## Prompt
Leave out the images; return the rest of the data exactly.

## Web page caption snippets
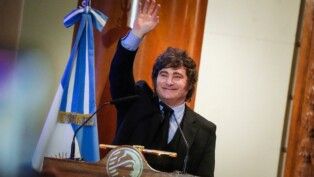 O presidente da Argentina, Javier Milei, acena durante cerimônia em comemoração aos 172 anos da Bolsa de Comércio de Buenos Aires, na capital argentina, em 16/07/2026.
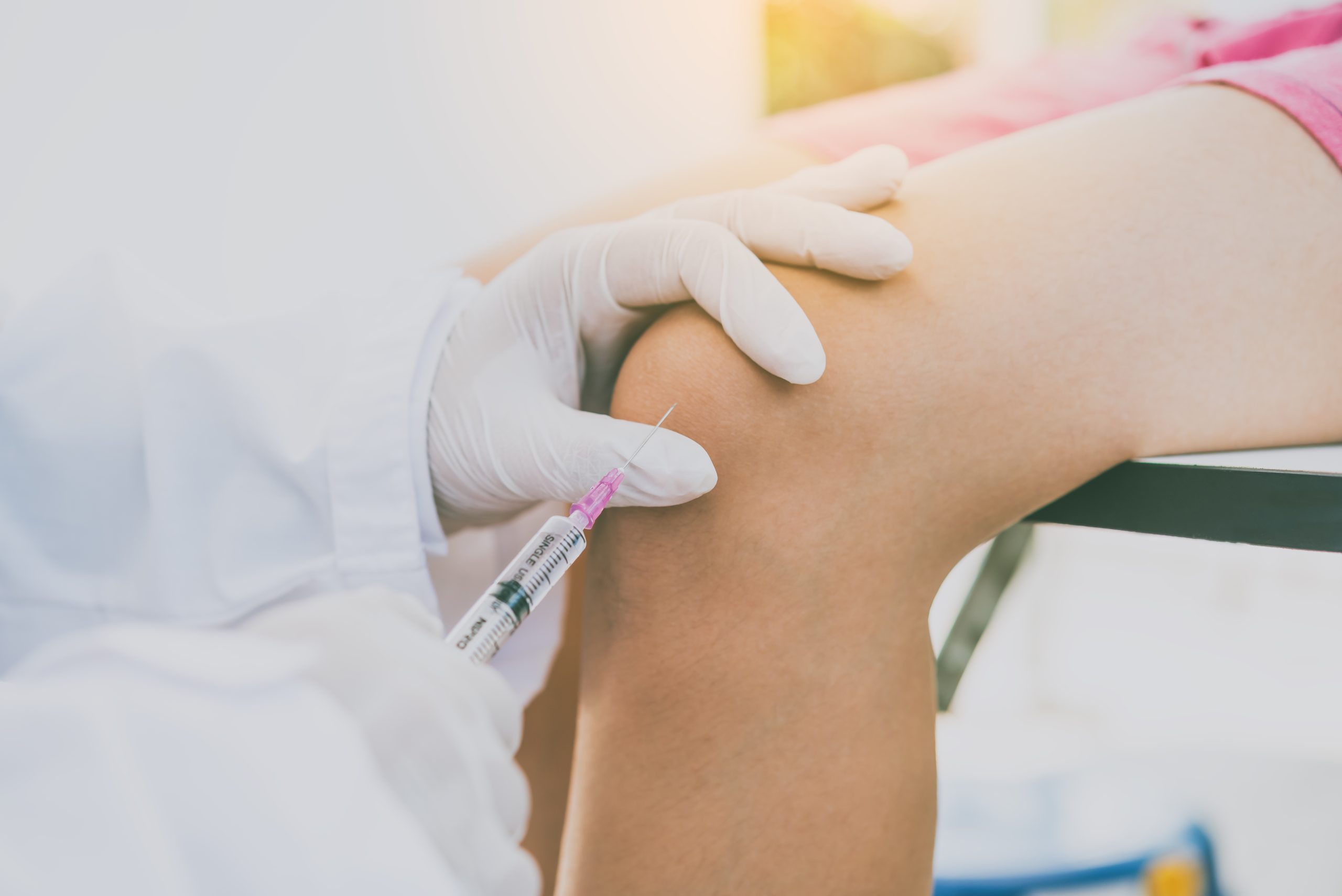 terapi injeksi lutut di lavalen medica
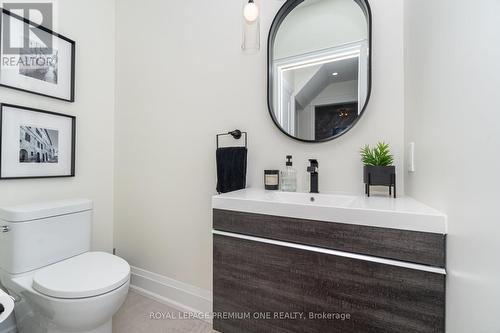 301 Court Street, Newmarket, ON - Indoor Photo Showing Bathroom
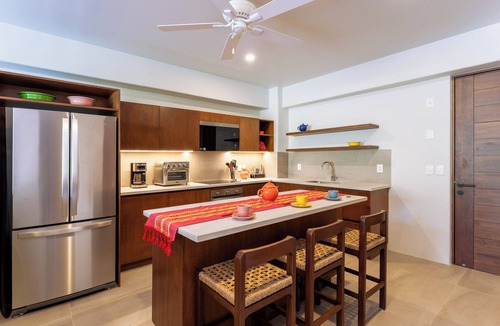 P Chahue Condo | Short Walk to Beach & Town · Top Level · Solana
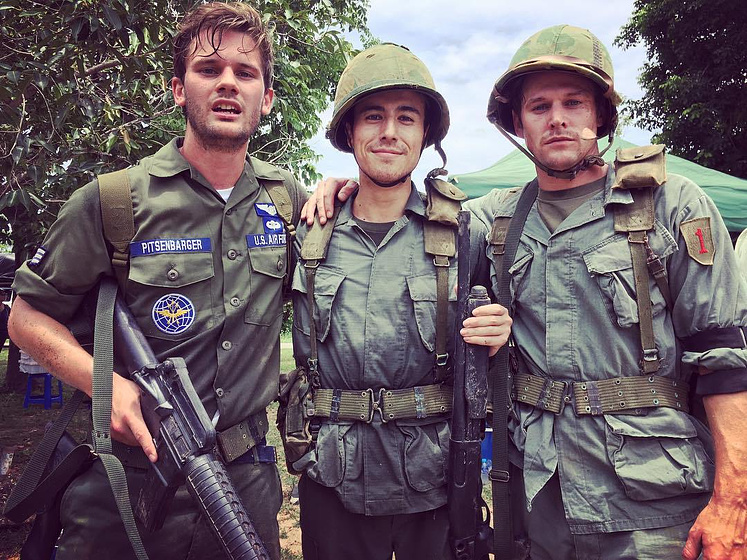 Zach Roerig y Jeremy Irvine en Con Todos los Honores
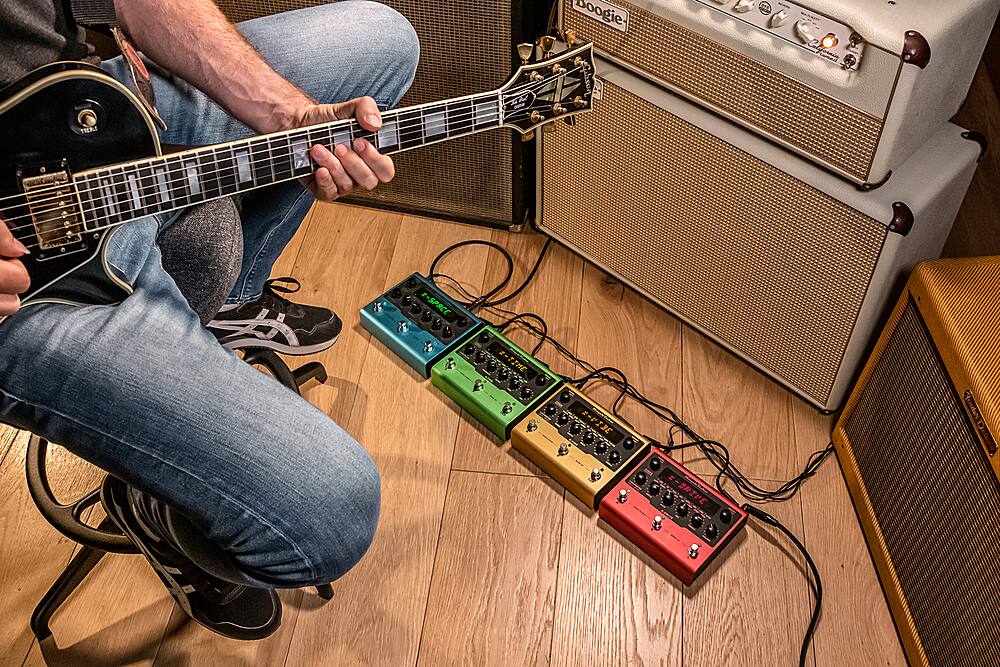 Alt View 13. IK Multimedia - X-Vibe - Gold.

## Answer box
 O presidente da Argentina, Javier Milei, acena durante cerimônia em comemoração aos 172 anos da Bolsa de Comércio de Buenos Aires, na capital argentina, em 16/07/2026.
 terapi injeksi lutut di lavalen medica
 301 Court Street, Newmarket, ON - Indoor Photo Showing Bathroom
 P Chahue Condo | Short Walk to Beach & Town · Top Level · Solana
 Zach Roerig y Jeremy Irvine en Con Todos los Honores
 Alt View 13. IK Multimedia - X-Vibe - Gold.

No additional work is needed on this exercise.